◆ Provided data ◆
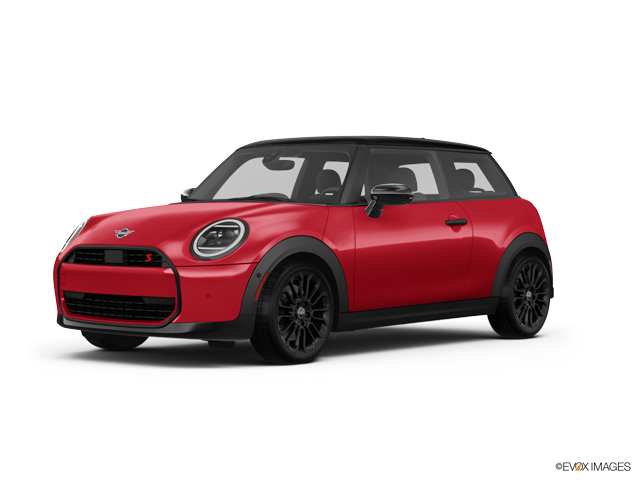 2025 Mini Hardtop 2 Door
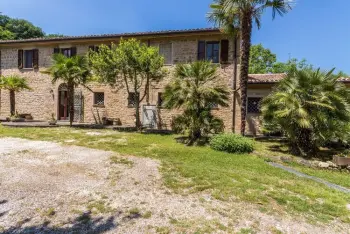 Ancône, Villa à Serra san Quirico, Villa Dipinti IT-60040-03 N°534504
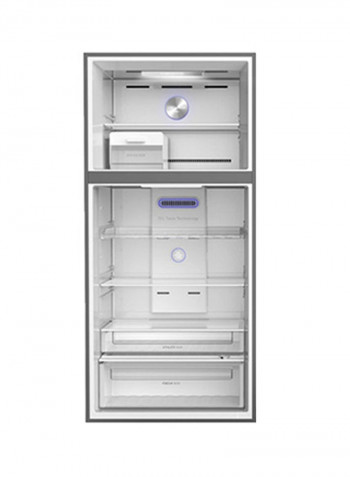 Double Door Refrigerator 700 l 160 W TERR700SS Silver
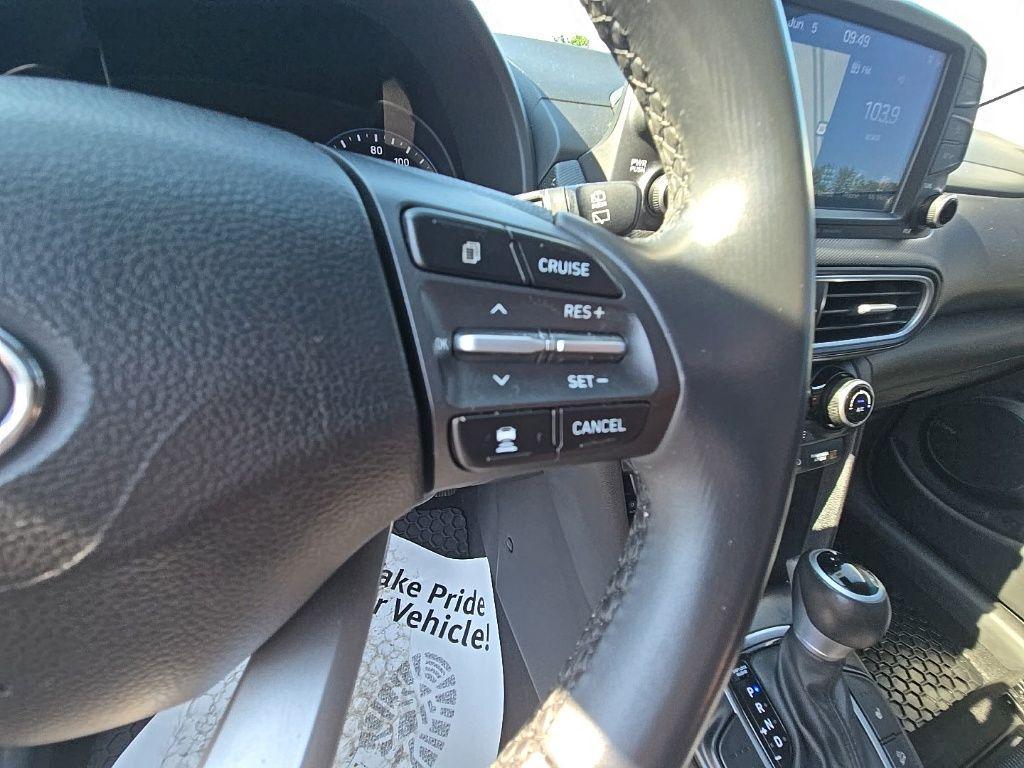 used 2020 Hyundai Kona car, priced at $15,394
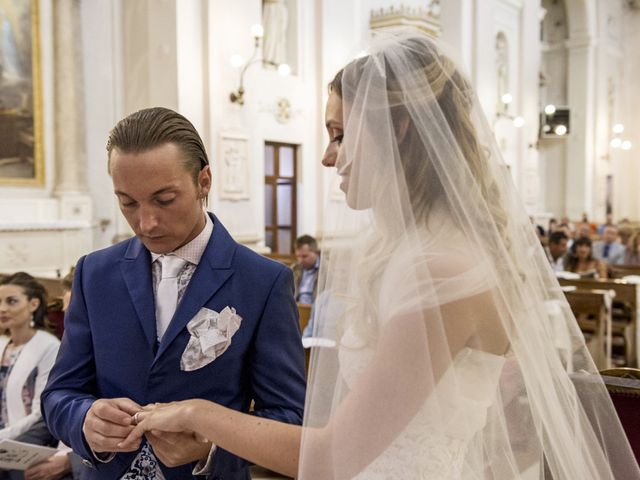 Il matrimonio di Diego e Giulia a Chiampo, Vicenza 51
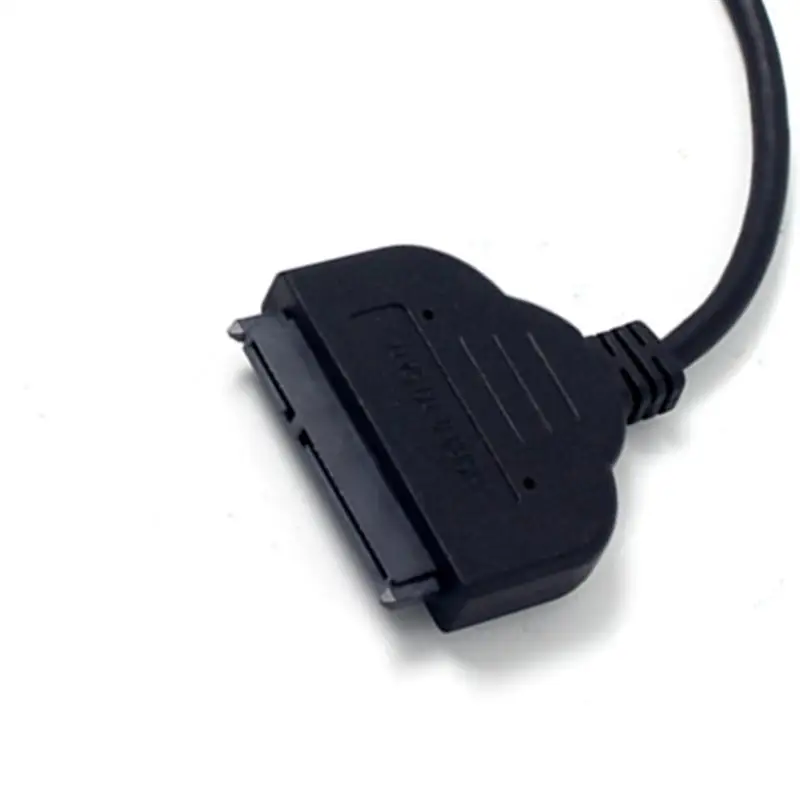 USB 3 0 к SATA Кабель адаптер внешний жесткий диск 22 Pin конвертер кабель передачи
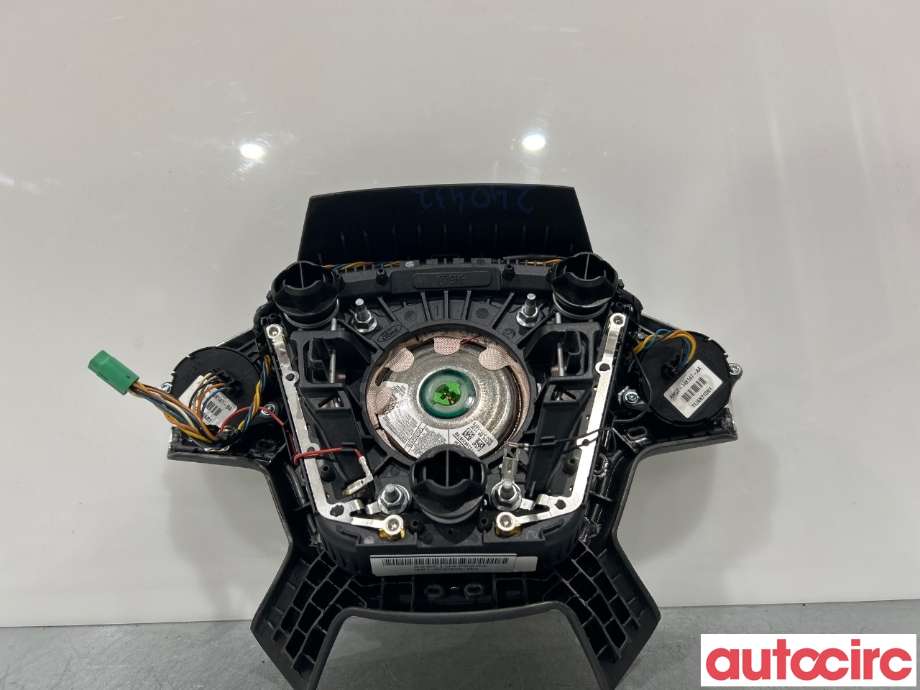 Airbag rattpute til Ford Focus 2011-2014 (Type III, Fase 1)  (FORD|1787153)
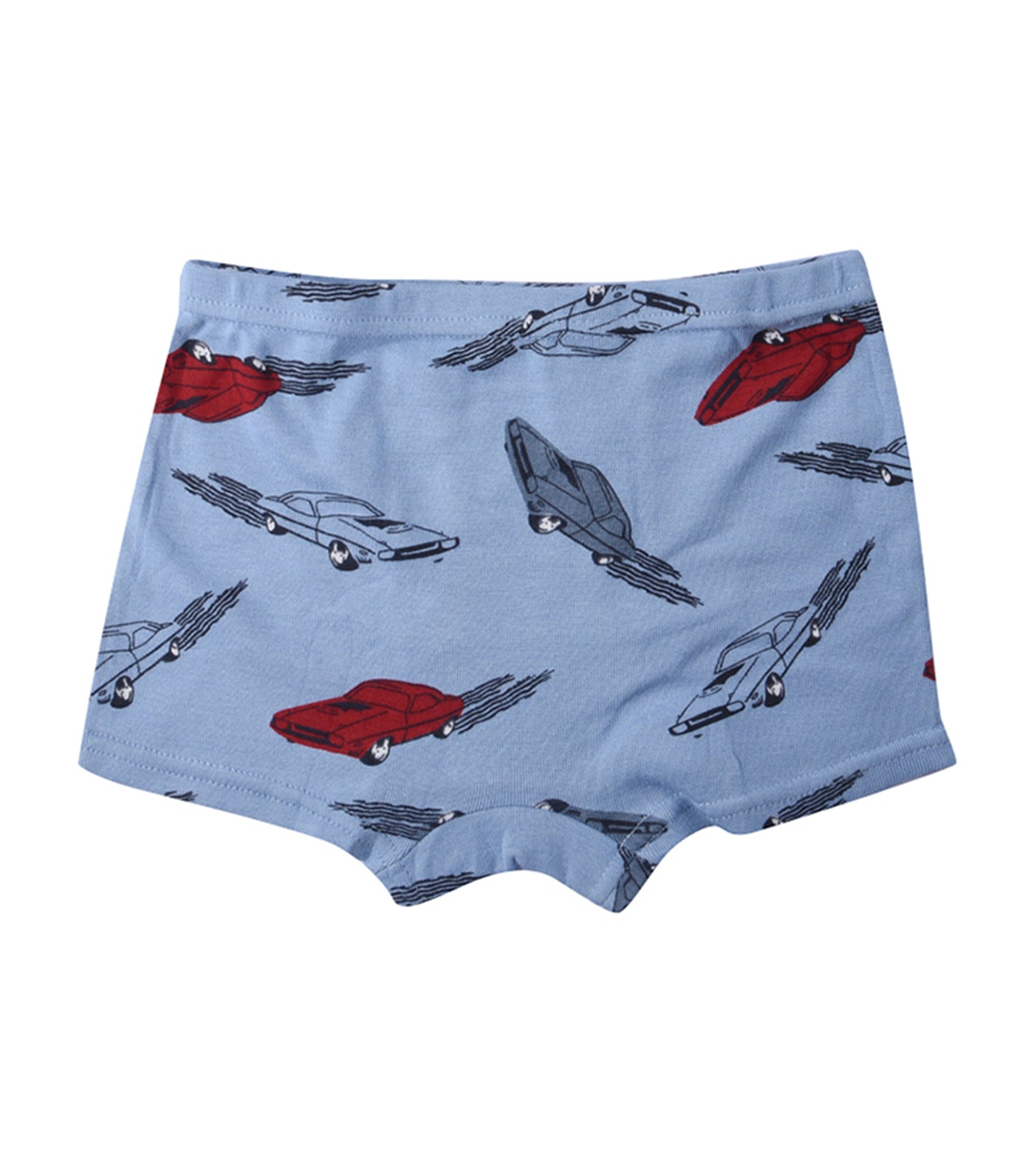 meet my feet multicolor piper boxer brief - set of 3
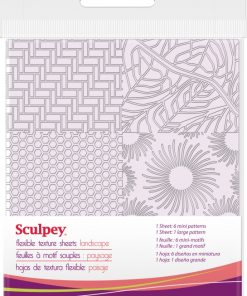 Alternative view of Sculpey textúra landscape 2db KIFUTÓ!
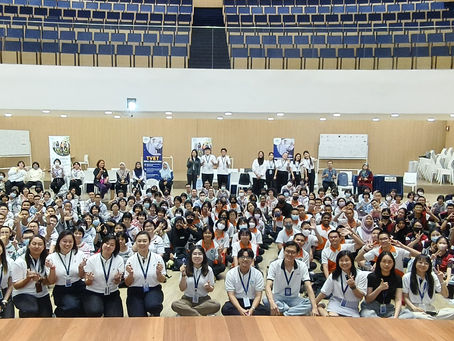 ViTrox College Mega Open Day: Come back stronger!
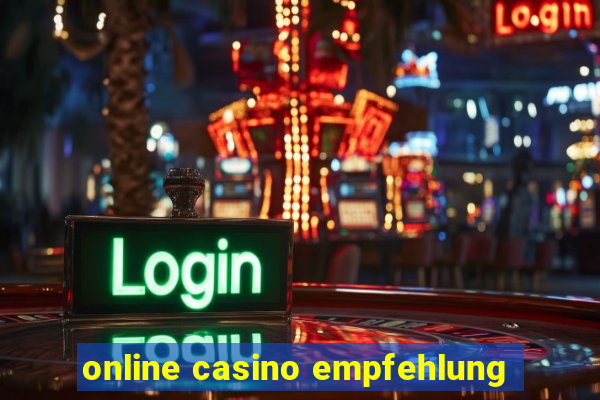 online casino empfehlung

◆ Aim of the exercise ◆
Copy the entries above verbatim. Pictures do not belong in the copy.

◆ Answer below ◆
 2025 Mini Hardtop 2 Door
 Ancône, Villa à Serra san Quirico, Villa Dipinti IT-60040-03 N°534504
 Double Door Refrigerator 700 l 160 W TERR700SS Silver
 used 2020 Hyundai Kona car, priced at $15,394
 Il matrimonio di Diego e Giulia a Chiampo, Vicenza 51
 USB 3 0 к SATA Кабель адаптер внешний жесткий диск 22 Pin конвертер кабель передачи
 Airbag rattpute til Ford Focus 2011-2014 (Type III, Fase 1)  (FORD|1787153)
 meet my feet multicolor piper boxer brief - set of 3
 Alternative view of Sculpey textúra landscape 2db KIFUTÓ!
 ViTrox College Mega Open Day: Come back stronger!
 online casino empfehlung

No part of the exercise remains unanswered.